Por que Caxias não é uma cidade cosmopolita?
Caro compaesano da Colônia, essa província estendida que inclui Caxias, Chapecó, Ijuí, Pato Branco e cantinas e frigoríficos satélites.
Tu perguntou esses dias: “Por que Caxias não é uma cidade cosmopolita, apesar de ser relativamente grande (quase 600 mil habitantes em 2021), em comparação com Chapecó?”
Digo eu, me aventurando neste gênero chamado ensaio:
Acho que tem um fator determinante e pelo menos dois secundários. O determinante é a mentalidade, que estabelece aqui uma diferença entre trabalho necessário à sobrevivência e o resto, todas as demais atividades, que entram na categoria de ócio. É a formação social e cultural do município e seus arredores (que são pouco arredondados; são mais pontiagudos mesmo).

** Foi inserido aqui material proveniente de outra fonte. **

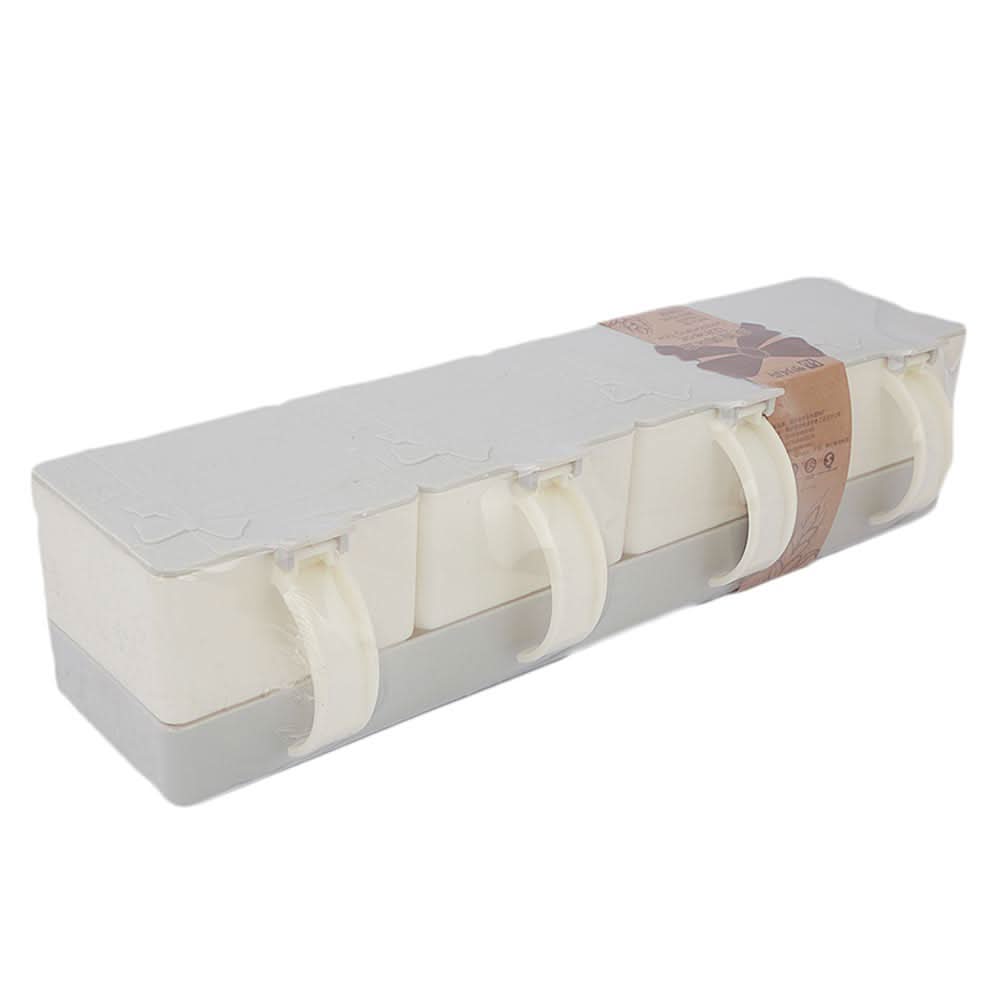 Spice Box With Spoon 4 Pcs - Grey, Home & Lifestyle, Storage Boxes, Chase Value, Chase Value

A colonização italiana e alemã foi feita por pessoas que tinham um projeto social e privado muito claro: a subsistência imediata, fazer família, ter uma vida justa (estreita), guardar dinheiro e sementes para o futuro, que era a única maneira de se ter algum futuro. Catolicismo. Guardar tudo, debaixo do colchão (mas lembre-se que guardare, em italiano, significa “olhar”, que nem no poema do Antônio Cicero). Os valores, portanto, eram o de uma comunidade fechada em si mesma, composta por núcleos: primeiro a família da casa, depois a família com os primos, tios etc., depois os companheiros de labuta e, dependendo da moral dos vizinhos, os vizinhos e suas famílias. Os outros, o resto do mundo, que ia daqui até o vale do Caí, só eram considerados na hora de se fazerem negócios muito necessários: os outros eram vistos, talvez, como ameaça à segurança econômica e pessoal dos colonos. Isso só foi se confirmando ao longo do tempo. Os comunistas e anarquistas não se criaram. O fascismo um pouco mais, pela sua dimensão moral, por estar de acordo com a mentalidade pregressa: ou seja, suponho que os caxienses de 1920-40 que aderiram ao fascismo não o fizeram, em sua maioria, por causa do projeto político daquele partido; o partido é que distribuiu panfletos que diziam o que a gringaiada já pensava desde o século XIX.
Depois, pelos anos 1950-60, começou a haver uma segunda onda migratória; dessa vez, sobretudo de gente do Norte do RS, que veio para Caxias para trabalhar nas empresas metalúrgicas. Hoje ainda vem muita gente da Fronteira Oeste (Dom Pedrito, Bagé, Uruguaiana). Gente que, por estar em Caxias a trabalho, é tolerada por não ter sobrenome italiano e por não ser branca. Então, se Caxias atrai as pessoas há mais de um século é pela questão do emprego. No entanto, em vez de fazer como certos países importantes que criaram todo um conceito publicitário em cima disso (land of opportunity), o que houve aqui foi a realização do paradigma da trabalhice (me falta conhecimento político para chamar a mentalidade local de trabalhista).
Caxias é esse lugar onde é muito difícil viver sem trabalhar; tudo se organiza em torno do trabalho, o que rege os corpos é inelutavelmente o apito da fábrica, sem a malandragem do Noel Rosa – e, inclusive, o único sindicalismo que vigorou aqui foi o de matriz pelega. Portanto não: proletários de todo o mundo uma figa; o caxiense trabalha para sustentar a família, fazer um churrasquinho no domingo, no máximo ir na zona de vez em quando e, depois dos dezoito anos, quem não faz serão é vagabundo.
Foi nesse espírito que os vacarianos, bom-jesuenses, lagoenses e demais gaúchos vieram parar nesses pagos que, além de emprego no segundo setor, ofereciam a nostalgia campeira. É que Caxias não apenas é capital da Província Colona, mas possui também vastos latifúndios na pátria Pampa; como enxerida, talvez, já que nunca foi nativista e sempre esteve mais alinhada ao tradicionalismo do MTG. Mas poderá sempre reivindicar com propriedade o pertencimento ao gauchismo, nem que seja pela fidelidade ao chimanguismo.